Des heures longues, des nuits courtes, des obligations scolaires effacées : dans ce pays, les lignes bougent, et pas dans le sens attendu. Un texte enflamme les débats tandis que les défenseurs des droits des enfants dénoncent un retour aux pratiques d’un autre siècle.
Ce pays pourrait légaliser le travail de nuit dès 14 ans

Le 26 mars 2025, le projet de loi SB 918 franchit un cap décisif
Le 26 mars 2025, une commission sénatoriale de Floride a validé en première lecture le projet de loi SB 918, visant à démanteler plusieurs garde-fous encadrant le travail des mineurs. Cette proposition bouleverse les restrictions imposées aux adolescents de 14 à 17 ans, au nom d’une prétendue flexibilité... mais à quel prix ?
Travail des mineurs : des nuits sans sommeil autorisées en pleine semaine scolaire
Le texte législatif SB 918 prévoit la suppression de l’interdiction actuelle qui empêche les mineurs de 16 et 17 ans de travailler au-delà de 23h ou avant 6h30 les jours d’école. Il lève également la limite des 30 heures hebdomadaires et autorise une journée de plus de huit heures sans pause obligatoire, en dérogeant aux lois de régulation actuelles.
Les 14-15 ans ne sont pas épargnés : ceux ayant terminé le lycée, suivant une scolarisation virtuelle ou bénéficiant d’une exemption administrative, pourraient eux aussi se voir assigner des postes de nuit.
La suppression de l'obligation de pause déjeuner pour les jeunes de 16-17 ans constitue un autre point de friction majeur : la loi actuelle impose une pause de 30 minutes toutes les quatre heures. SB 918 l’éliminerait. « Ce projet de loi va conduire à l'exploitation des mineurs, à l'exploitation des enfants », explique Carlos Guillermo Smith, sénateur démocrate cité par CBS News.
Derrière la loi, une stratégie migratoire et économique ?

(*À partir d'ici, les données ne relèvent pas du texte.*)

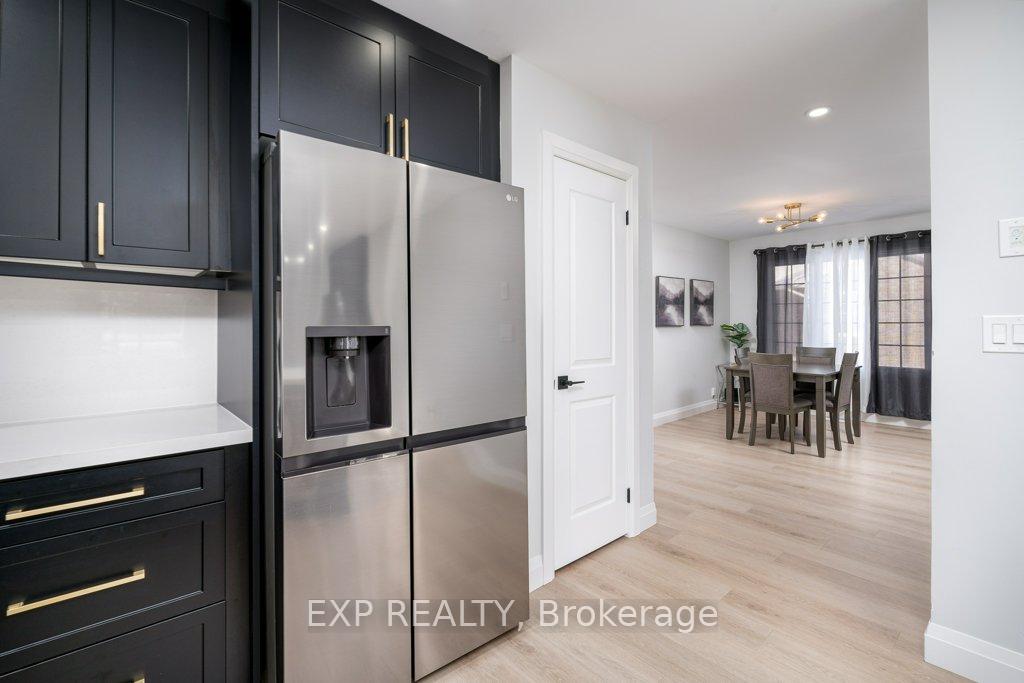 Photo 11 of 37 Alder Court, Belleville, Belleville Ward — HOMEH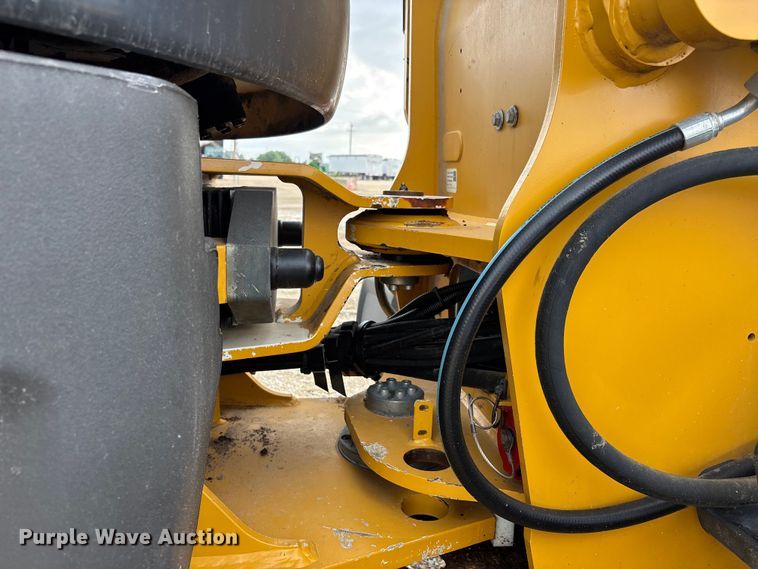 image for item ER3025 2024 John Deere 324P wheel loader
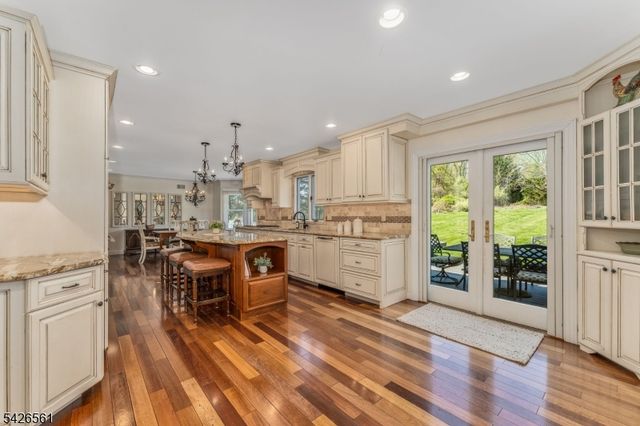 34 Molasses Hill Rd, Clinton Twp., NJ 08833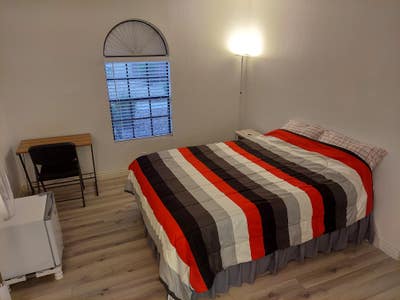 Private bedroom/bath for Student  Main Photo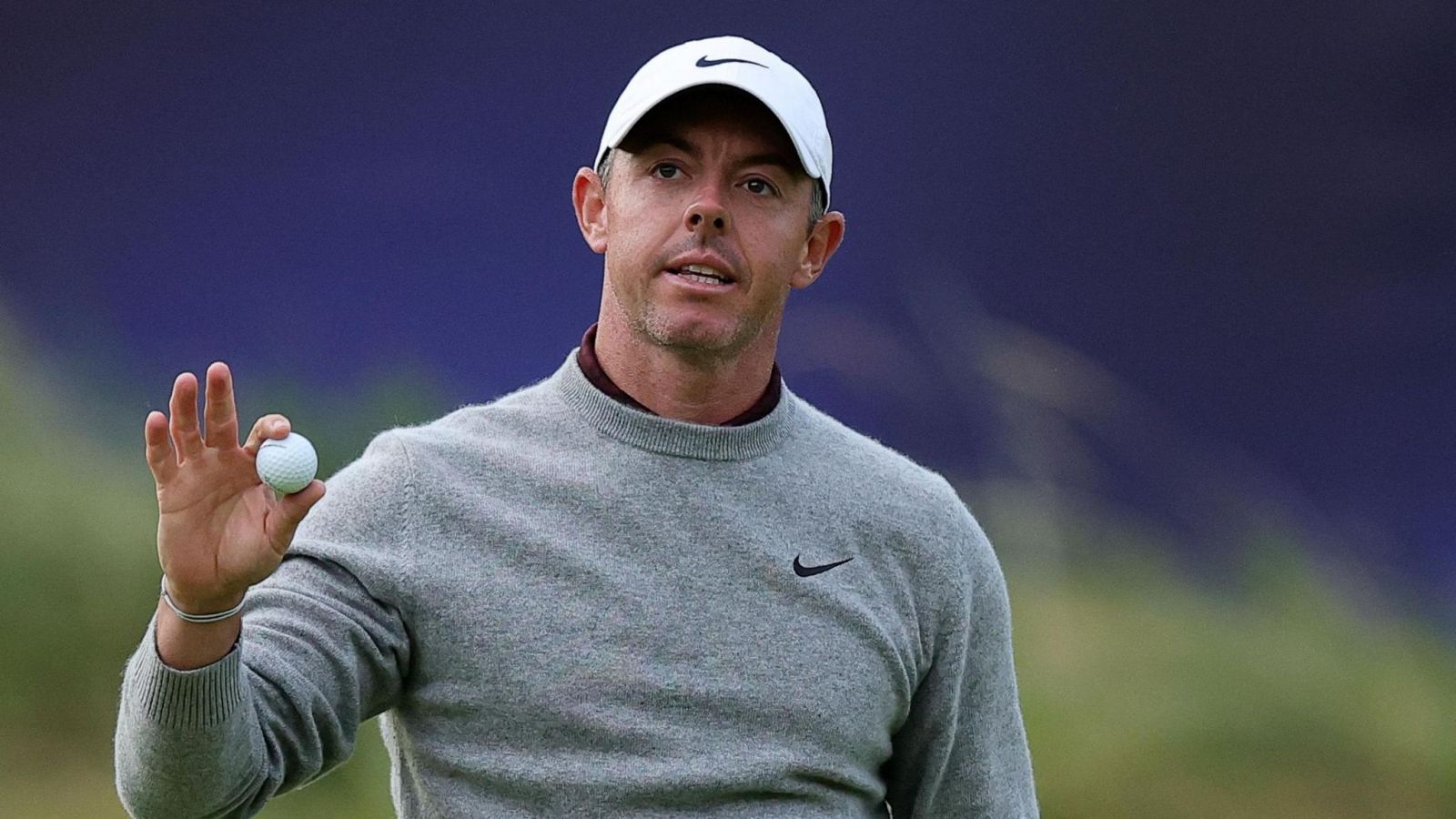 Rory Mcllroy tạm xếp hạng T20 sau vòng 1 The Open 2025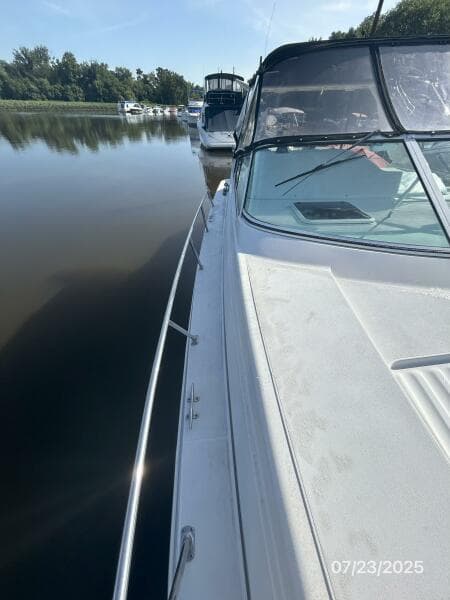 40' Trojan starboard side deck2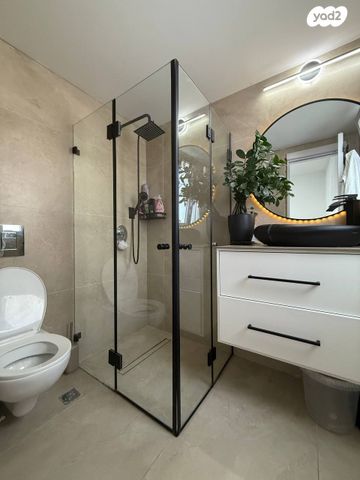 דירה, ראובן ברקת, קרית אילון, חולון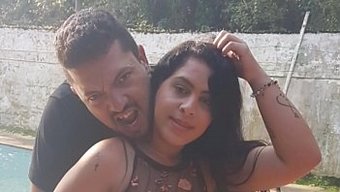 Brezilyalı Porno Yıldızları Havuz Kenarında Orgiye Dalıyorlar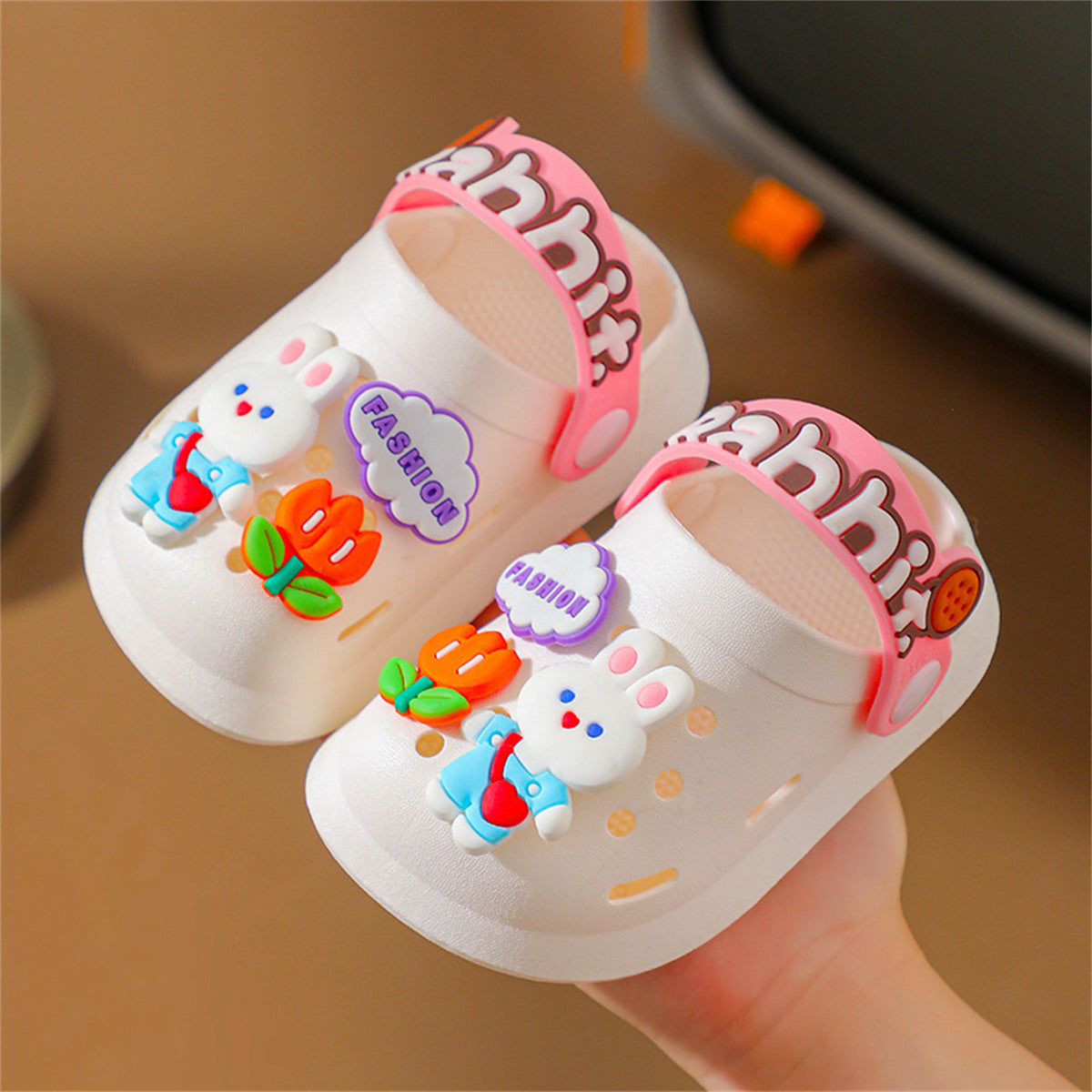 Cute cartoon baby non-slip girls' hole shoes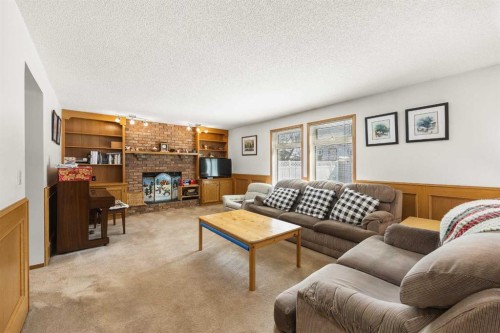 120 Edforth Crescent Nw, Calgary, AB - Indoor Photo Showing Living Room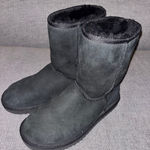 UGG  black boots, fuzzy liner, size 5 Photo 3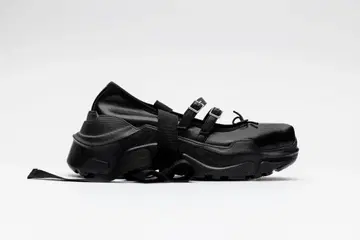 AKIKOAOKI Giselle-faux leather BK x BK
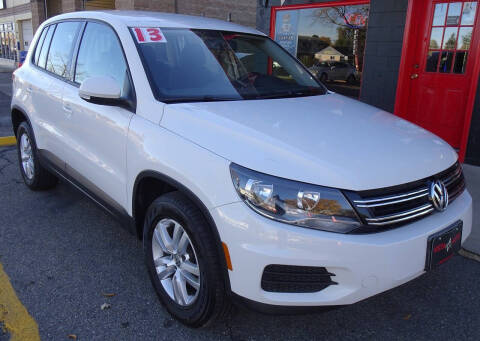 2013 Volkswagen Tiguan S 4Motion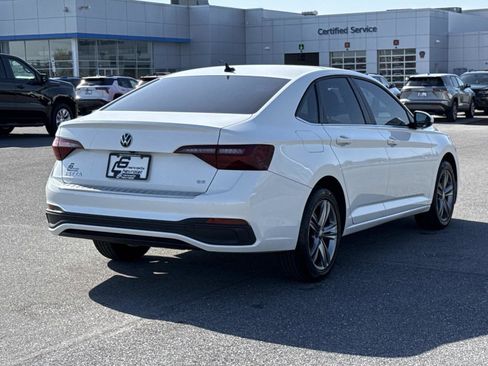 Used 2024 Volkswagen Jetta SE w/ Panoramic Sunroof Package image 25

Le climat n’est pas anodin. La loi intervient dans un contexte de pénurie de main-d’œuvre, amplifiée par la répression contre l’emploi de travailleurs sans papiers. Le gouverneur Ron DeSantis, lors d’un panel public, a justifié l’orientation en ces termes : « Et qu’y a-t-il de mal à ce que nos jeunes travaillent à temps partiel ? C’est ce qu’on faisait quand j’étais jeune ».
Cette déclaration, présentée comme un simple retour à des valeurs « anciennes », masque une volonté de substitution de main-d’œuvre : remplacer les immigrés précaires par des mineurs malléables, moins protégés et plus disponibles.
Le Florida AFL-CIO, fédération syndicale majeure, s’alarme d’un transfert de pouvoir vers les employeurs. « Ces lois donneront tout le pouvoir aux employeurs et faciliteront l'exploitation de ces adolescents » selon le Dr. Rich Templin, directeur politique du Florida AFL-CIO.
La Floride, laboratoire de régression sociale ?
Le soutien au projet repose sur un argument récurrent : celui de l’alignement avec les normes fédérales. Le représentant républicain Jay Collins, porteur du texte, minimise les risques : « On ne parle pas de The Jungle de Upton Sinclair. Il s’agit de travailler chez Publix ou Piggly Wiggly. C’est une affaire de droits parentaux ». Mais réduire l’école à une variable d’ajustement et les mineurs à une ressource économique temporaire, c’est prendre le pari dangereux d’une politique court-termiste, guidée non par l’éducation, mais par l’offre et la demande.
Si le projet de loi SB 918 venait à être adopté, la Floride deviendrait l’un des États les plus permissifs du pays en matière de travail des mineurs. Cette politique d’abaissement systématique des seuils de protection entre dans un mouvement plus large de déréglementation sociale, déjà entamé en 2024.